Assessing cropping system effects on carbon footprint on the Canadian prairies

Abstract

Crop rotations are considered a promising strategy for mitigating greenhouse gas (GHG) emissions and enhancing soil organic matter in agricultural land. However, studies often focused solely on either GHG emissions or soil organic carbon (SOC) changes, rather than integrating both indicators. We conducted a 4-year (2018–2021) crop rotation study to examine effects of six rotation systems in three ecoregions (sub-humid, sub-semiarid, and semiarid) on GHG emissions, SOC changes, and C footprints in Saskatchewan, Canada.

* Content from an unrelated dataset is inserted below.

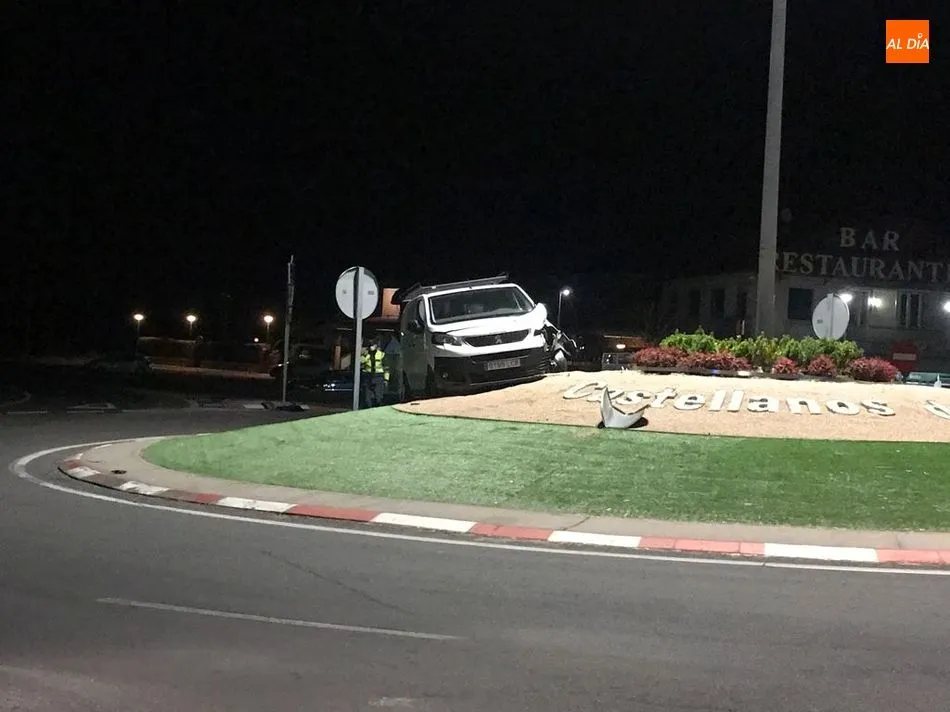 Foto 2 - Accidente sin heridos en la rotonda de Castellanos de Moriscos&nbsp;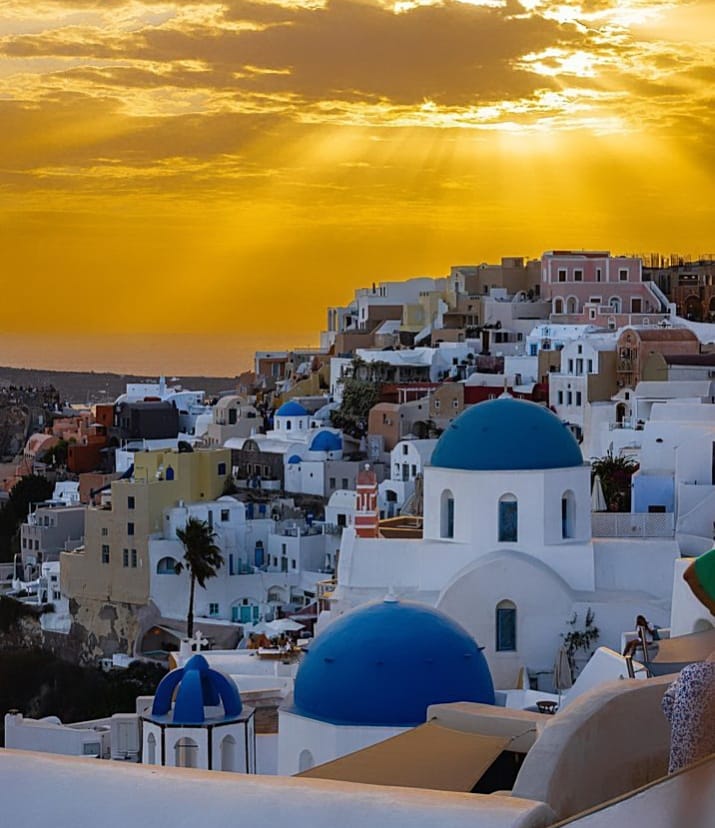 Σαντορινη Φηρά ζητειται πωλήτρια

The six rotation systems include (i) control, (ii) intensified, (iii) diversified, (iv) market-driven, (v) high-risk, and (vi) soil-health cropping system. GHG emissions were estimated using the Holos model, and SOC changes were estimated using the Campbell model, and C footprints were calculated as the difference between GHG emissions and SOC changes. The 4-year cumulative GHG emissions, expressed as CO₂ equivalent (CO₂e), were highest in the sub-humid ecoregion due to higher background SOC levels, nitrogen (N) fertilizer inputs, and precipitation. The diversified and soil-health systems reduced GHG emissions by reduced N fertilizer inputs. Carbon footprints revealed net CO₂e emissions for the market-driven system but net CO₂e withdrawals for the soil-health and diversified systems. The results indicated that the diversified systems significantly mitigated GHG emissions, increased soil C stocks, and withdrew CO₂e.